__About this exercise__: Retype, word for word, every line of the records below starting at the one that contains "Laut Indonesia Dinilai" and ending at the one that contains "Xperia XZ1 �ԥ� ���� �����"; include both of those lines and nothing more.

__Records shown__:
################

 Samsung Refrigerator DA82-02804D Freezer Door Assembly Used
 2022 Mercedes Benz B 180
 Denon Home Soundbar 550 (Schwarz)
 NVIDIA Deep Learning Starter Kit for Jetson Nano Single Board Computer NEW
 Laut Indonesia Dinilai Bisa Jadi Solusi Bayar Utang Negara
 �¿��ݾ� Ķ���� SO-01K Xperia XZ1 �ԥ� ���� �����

################

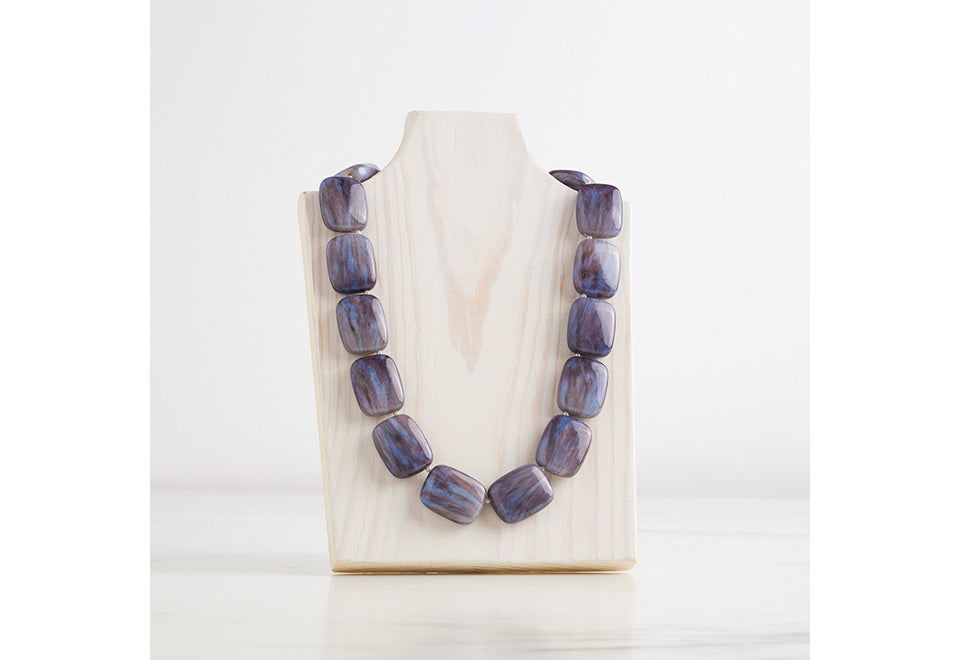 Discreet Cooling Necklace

################

__Answer section__:
 Laut Indonesia Dinilai Bisa Jadi Solusi Bayar Utang Negara
 �¿��ݾ� Ķ���� SO-01K Xperia XZ1 �ԥ� ���� �����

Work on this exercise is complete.